Эти слухи не обязательно исходили от норманнов Антиохии во главе с Танкредом (Боэмунд был тогда в заточении), но, вероятно, последние стали их активно раздувать. Альберт Ахенский, упоминая об этой молве, не разделяет ее: по его мнению, ничто не позволяет обвинить Алексея в подобном преступлении, поскольку он, напротив, пытался убедить крестоносцев не следовать по выбранному ими пути. Балдуин I тем не менее отправил в Константинополь архиепископа и епископа. Алексей благосклонно принял послов и просьбу короля, подкрепив свою невиновность клятвой, и решил направить в Рим одного из них, епископа Манассию, чтобы тот в присутствии папы снял обвинения в измене, выдвинутые против императора.

На этот раз Альберт Ахенский менее благосклонен к Алексею. Согласно хронисту, в Константинополе Манассия оказал сопротивление императору, стремившемуся «избавить» епископа от его преданности «галлам». Алексей, без сомнения, полагал, что сможет рассчитывать на Манассию, чтобы защитить свое дело перед понтификом, который, по словам Альберта Ахенского, принял епископа в Беневенто. Там, в церкви, Манассия, напротив, обвинил Алексея и так убедительно заверил папу в вероломстве императора, что получил от него письма, призванные очернить Алексея в глазах князей Франции[698].

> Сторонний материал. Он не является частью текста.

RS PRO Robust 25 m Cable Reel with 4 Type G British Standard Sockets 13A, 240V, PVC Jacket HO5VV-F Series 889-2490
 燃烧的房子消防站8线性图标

Несмотря на аргументы Джона Роу, у нас нет приемлемых доводов для того, чтобы отбросить свидетельство Альберта Ахенского, который к тому же, как мы видели, не верил слухам об измене басилевса, упорно ходившим на Востоке[699]. Конечно, мог Алексей рассчитывать на нескольких союзников в Италии[700], но что стоили их заверения против слова Боэмунда, «поборника Христова», подтвердившего эти слухи? Согласно Бартольфу из Нанжи, Боэмунд и Даимберт пожаловались папе на «обиды», чинимые их общими врагами; Боэмунд обвинял басилевса в том, что тот сделал все, чтобы помешать паломникам отправиться в Иерусалим. Жалобы возымели успех — взволнованный этими сообщениями, Пасхалий II восстановил в правах Даимберта. «И отправил он Боэмунда в лежащую за Альпами Галлию и в западные земли, чтобы обрести там поддержку против императора; он назначил его знаменосцем Христова воинства, вручив ему хоругвь святого Петра, и отпустил его с миром»[701].

Та легкость, с какой распространялись слухи — в том числе их распускал и сам Боэмунд, — свидетельствует и о силе убеждения норманна, и о том, как быстро восприняли их на Западе — настолько они соответствовали царившим там представлениям.

Каковы бы ни были истинные побуждения Пасхалия II, Боэмунд в сопровождении папского легата Бруно де Сеньи отправился во Францию проповедовать крестовый поход. Авторитет его вырос вдвойне — ведь теперь он выступал как истинный герой крестового похода, надлежащим образом уполномоченный властью понтифика и снабженный хоругвью святого Петра.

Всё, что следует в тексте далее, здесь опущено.